Fuku logo

Infra Support Engineer

Fuku · Taiwan, TW · 2 months ago

Infra Support Engineer – GMI Global Infrastructure Team

Preferred Location

  • Taiwan
  • Malaysia

Responsibilities

  • Provide first and second-line technical support to customers for AI Infrastructure, including GPU/CPU nodes, networking, storage, orchestration, and platform services.
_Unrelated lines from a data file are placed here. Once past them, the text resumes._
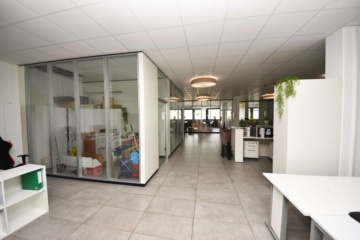 DIETZ: PROVISIONSFREI Modernisierte Büroetage mit 300m² Bürofläche zur Vermietung! Viele Parkplätze! - Weitere offene Bürofläche (643126)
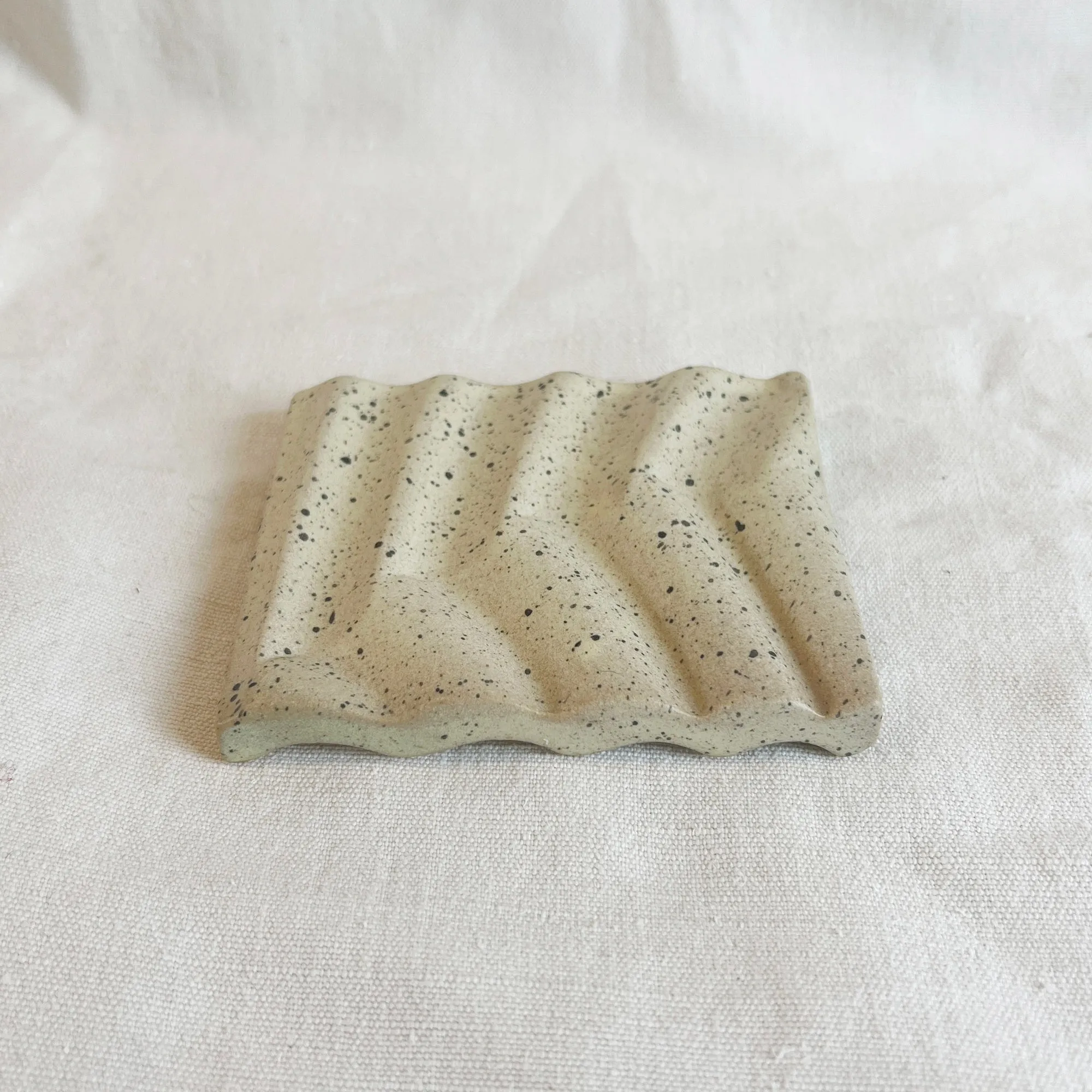 BIMAL Stoneware Ridged Rectangular Soap Dish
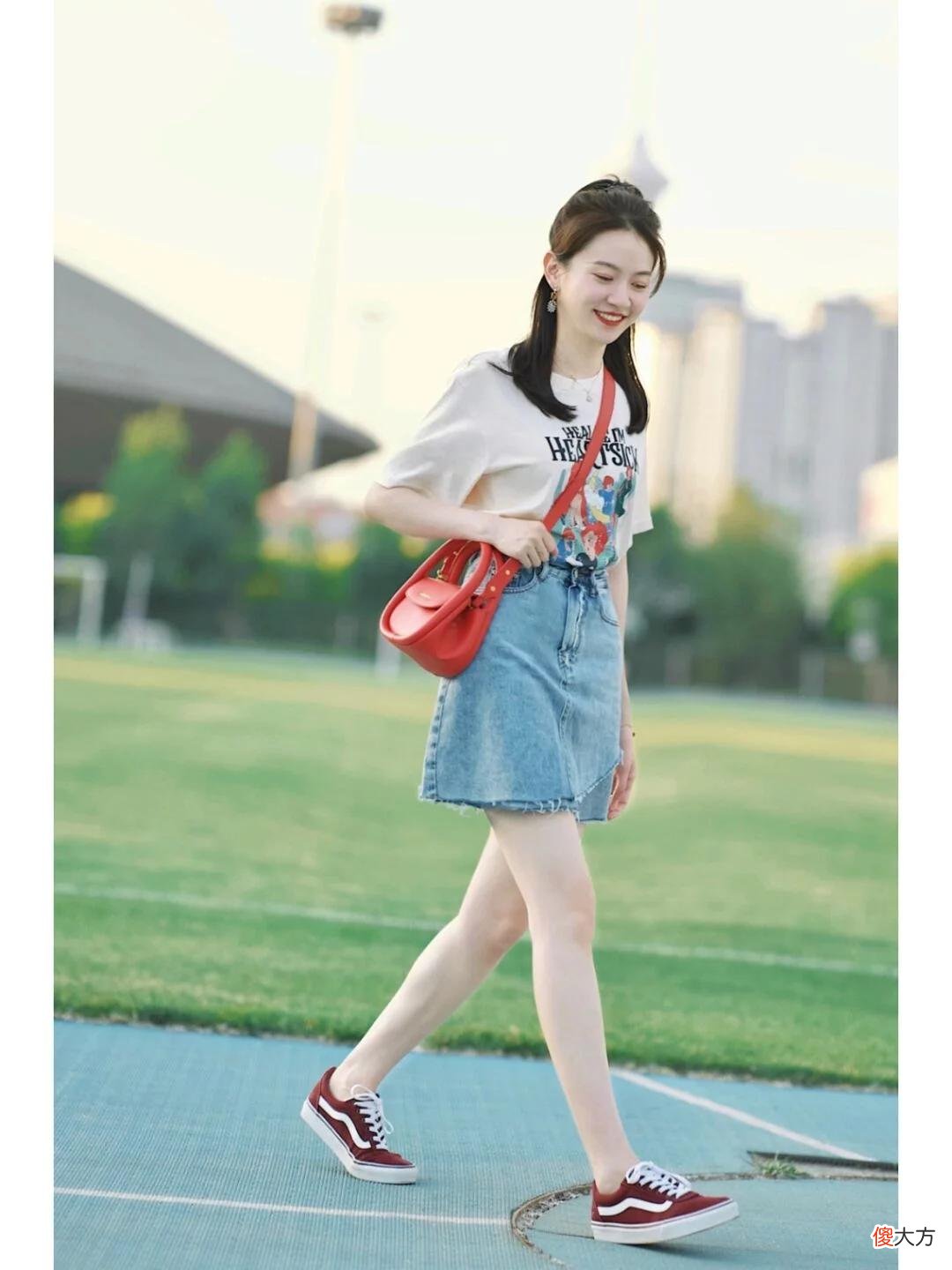 【时尚一点】有“御姐范”的女人就是打扮，4套穿搭让你从普通到惊艳，超好看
Support is delivered via ticketing systems, emails, Slack, or other messaging platforms.
  • Support GPU cluster delivery, including system provisioning, image deployment, network validation, BIOS/firmware updates, and GPU driver/runtime installation.
  • Monitor system health and service-level indicators using alerts and dashboards; respond to alerts 24x7 as scheduled.
  • Triage incidents by gathering context, verifying scope and impact, and following standard operating procedures and runbooks to perform immediate mitigations.
  • Escalate incidents to global SRE engineers with clear, concise incident notes and relevant logs/traces.
  • Maintain incident logs, update status pages, and communicate timely updates to stakeholders during incidents.
  • Perform routine operational tasks such as log checks, health checks, capacity checks, and simple automated fixes.
  • Participate in postmortems and contribute actionable follow-ups to reduce recurrence of incidents.
  • Help maintain and improve standard operating procedures (SOP), run periodic runbook validation, and document new procedures.
  • Work collaboratively with developers and SRE teams to improve system reliability.

Qualifications

  • Bachelor’s degree in Computer Science or a related field.
  • Over 2 years of experience in IT operations, server administration, SRE, DevOps, or technical support.
  • Hands-on Linux experience, including shell, kernel, and log management.
  • Basic networking knowledge, including TCP/IP, DNS, HTTP, and VLANs.
  • Familiarity with monitoring, alerting, and logging tools such as Prometheus, Grafana, and AlertManager.
  • Experience with Nvidia GPU infrastructure and Kubernetes.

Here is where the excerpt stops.